> **Entries shown**:

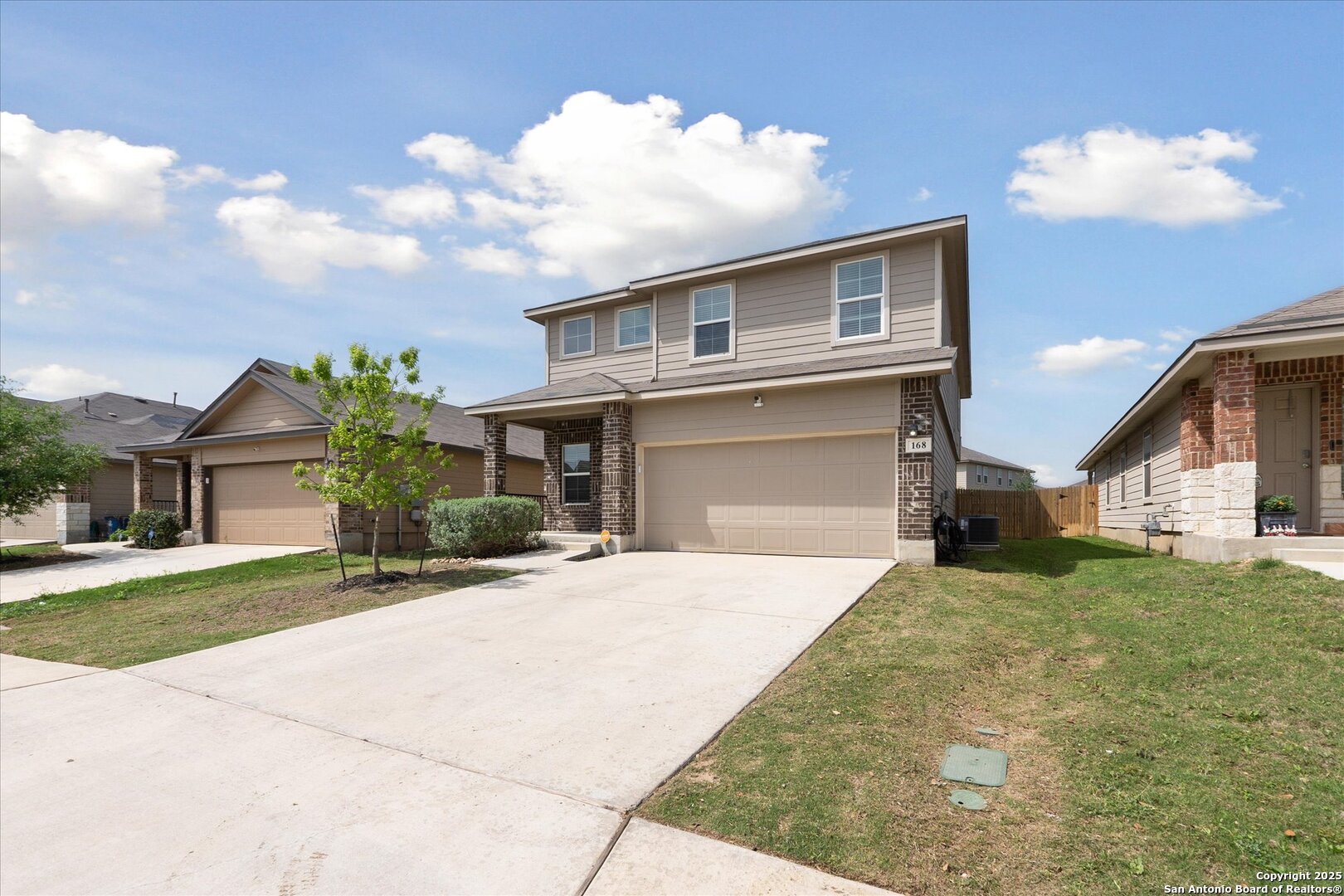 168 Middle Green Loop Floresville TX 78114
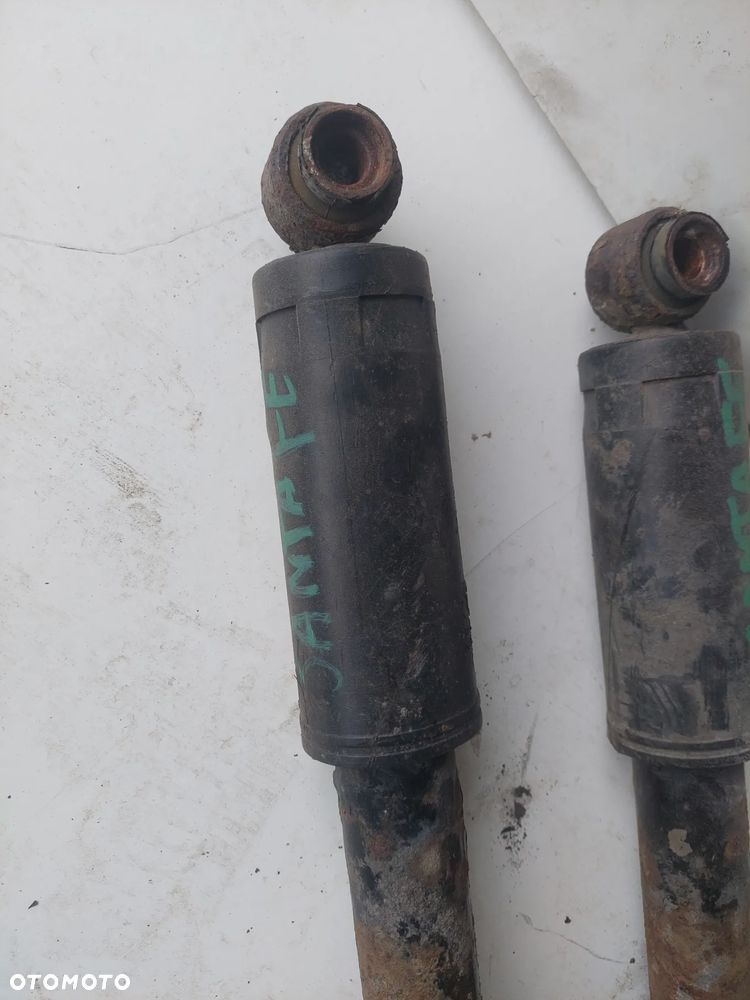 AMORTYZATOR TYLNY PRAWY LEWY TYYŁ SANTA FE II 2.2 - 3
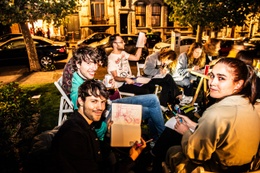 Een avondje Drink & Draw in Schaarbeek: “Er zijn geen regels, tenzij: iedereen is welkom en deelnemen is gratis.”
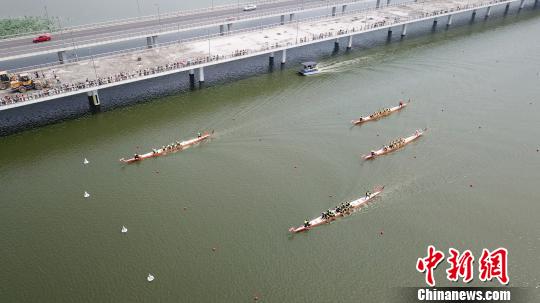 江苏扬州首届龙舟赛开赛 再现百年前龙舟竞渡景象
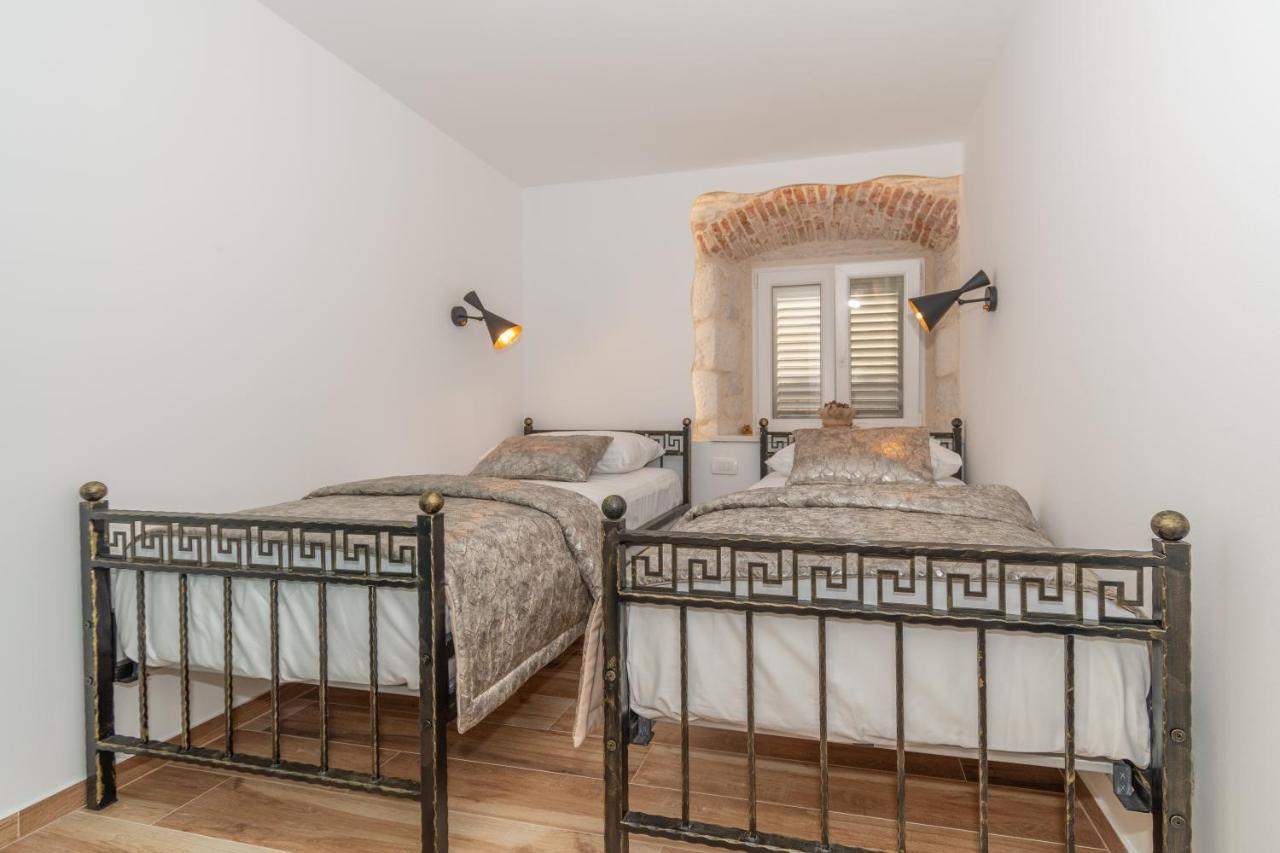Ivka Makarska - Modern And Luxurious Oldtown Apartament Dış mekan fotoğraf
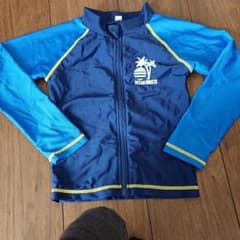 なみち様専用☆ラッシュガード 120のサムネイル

> **Task goal**:
Without the pictures, extract every entry verbatim.

> **Result for this exercise**:
 168 Middle Green Loop Floresville TX 78114
 AMORTYZATOR TYLNY PRAWY LEWY TYYŁ SANTA FE II 2.2 - 3
 Een avondje Drink & Draw in Schaarbeek: “Er zijn geen regels, tenzij: iedereen is welkom en deelnemen is gratis.”
 江苏扬州首届龙舟赛开赛 再现百年前龙舟竞渡景象
Ivka Makarska - Modern And Luxurious Oldtown Apartament Dış mekan fotoğraf
 なみち様専用☆ラッシュガード 120のサムネイル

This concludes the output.